(RECORDS FOR THIS TASK begins)
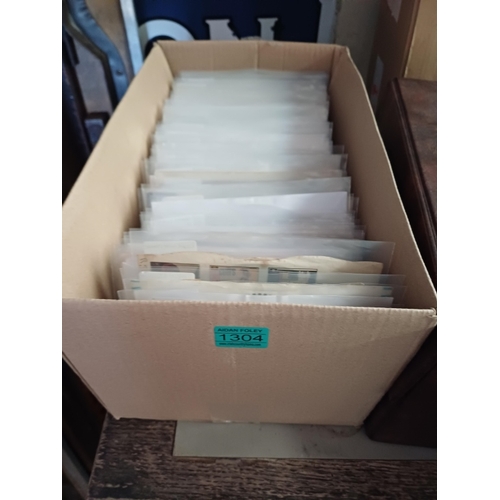 1304 - Good Box of Vinyl Singles - good condition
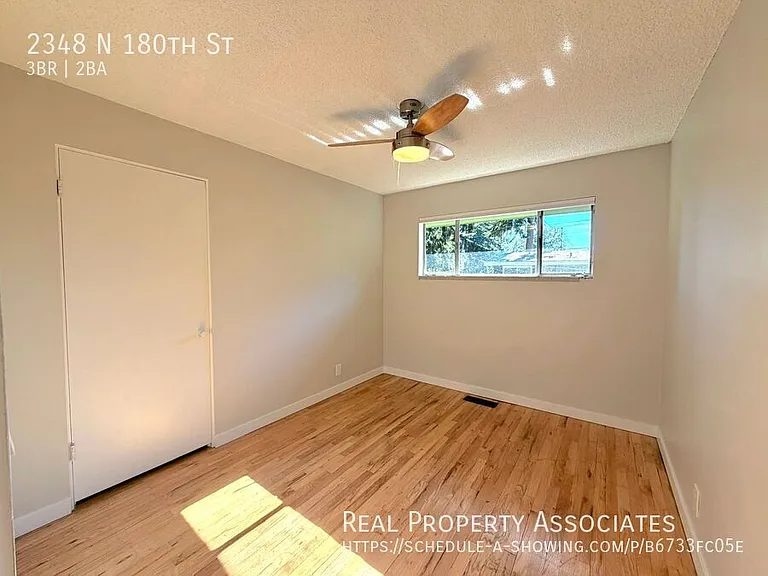 2348 N 180th St — Photo 10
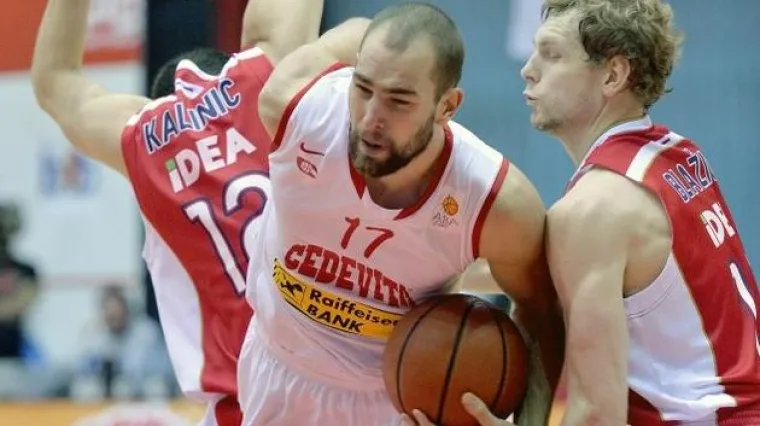 Zvezda povisila na 2-0, Cedevita će &scaron;ansu tražiti u Zagrebu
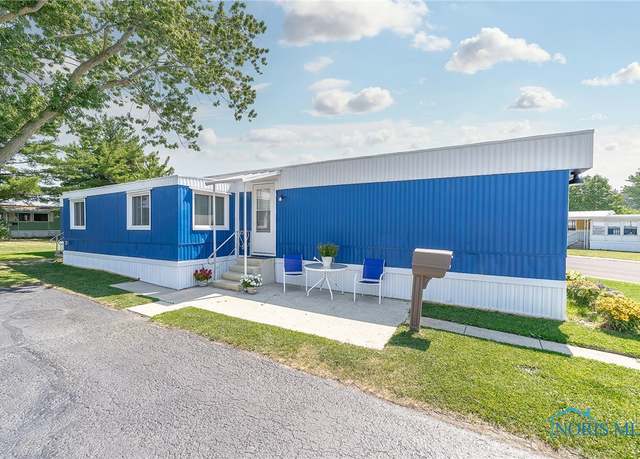 Property at 1854 Huntington Dr, Findlay, OH 45840, 3 beds, 2 baths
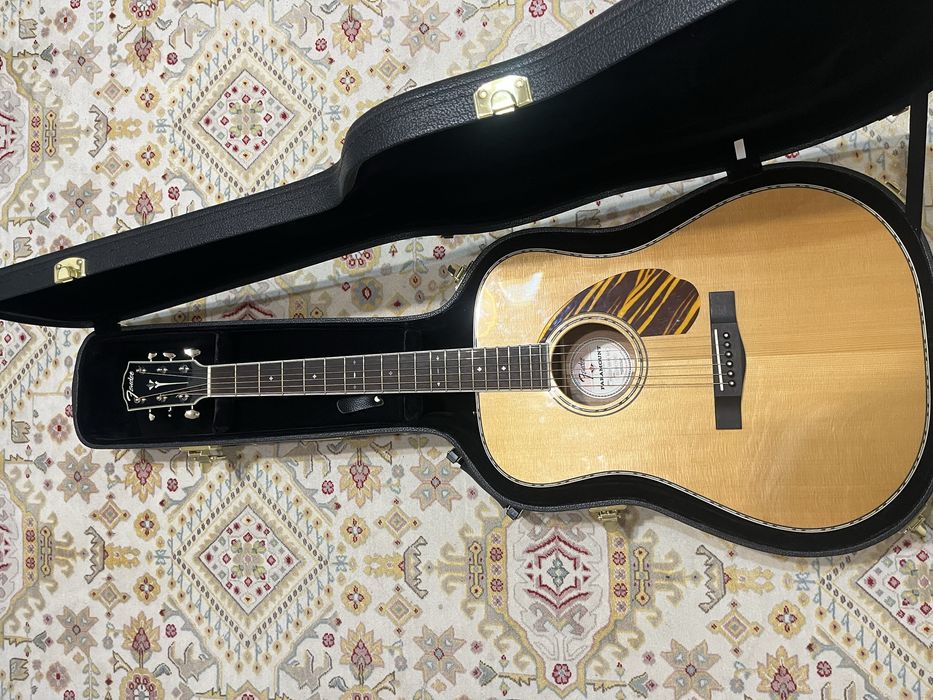 Гитара fender  paramount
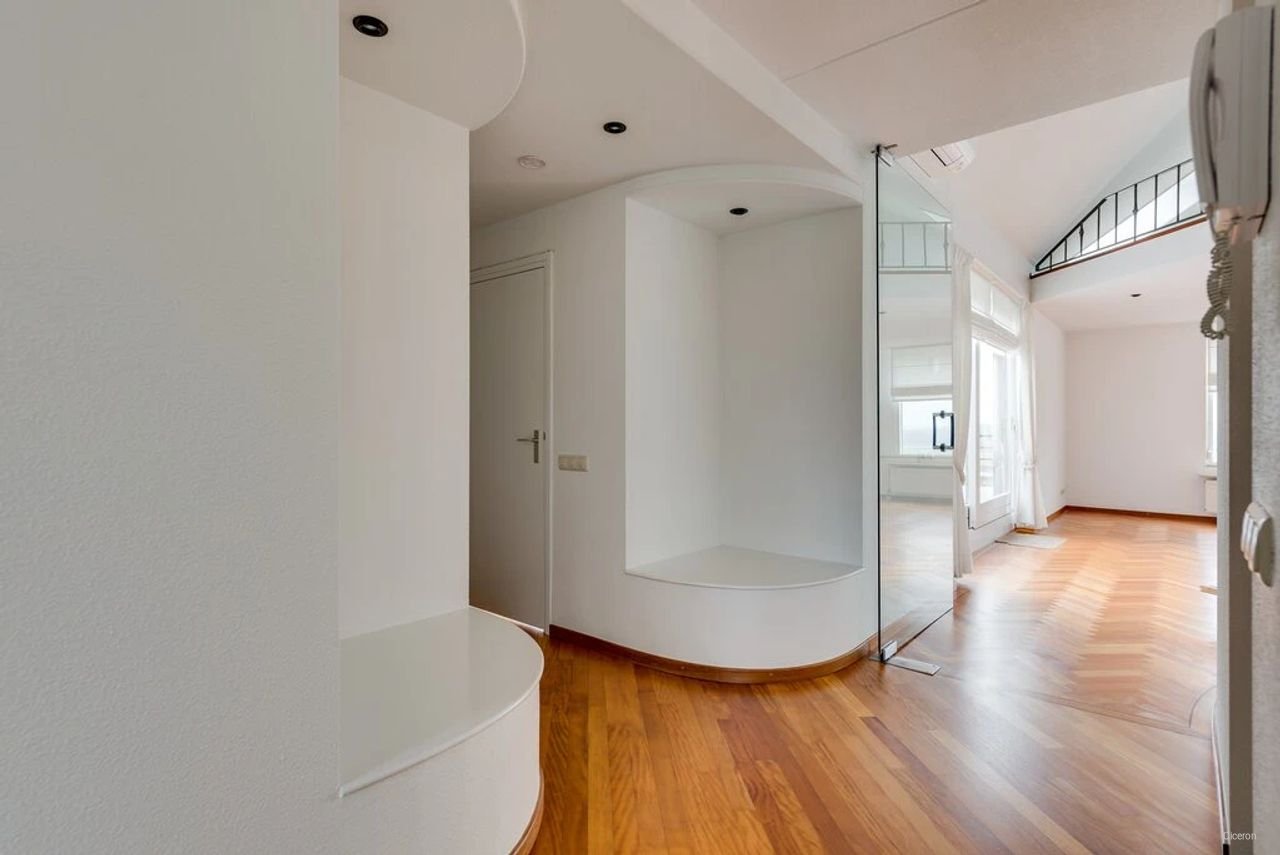 Spacious penthouse with Meuse River views - Image 7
(RECORDS FOR THIS TASK ends)
- WHAT TO DO:
Repeat exactly the lines from the one containing "2348 N 180th St — Photo 10" to the last line of the records above, including both, and leave out any pictures.

- RESULT OF THIS TASK:
 2348 N 180th St — Photo 10
 Zvezda povisila na 2-0, Cedevita će &scaron;ansu tražiti u Zagrebu
 Property at 1854 Huntington Dr, Findlay, OH 45840, 3 beds, 2 baths
 Гитара fender  paramount
 Spacious penthouse with Meuse River views - Image 7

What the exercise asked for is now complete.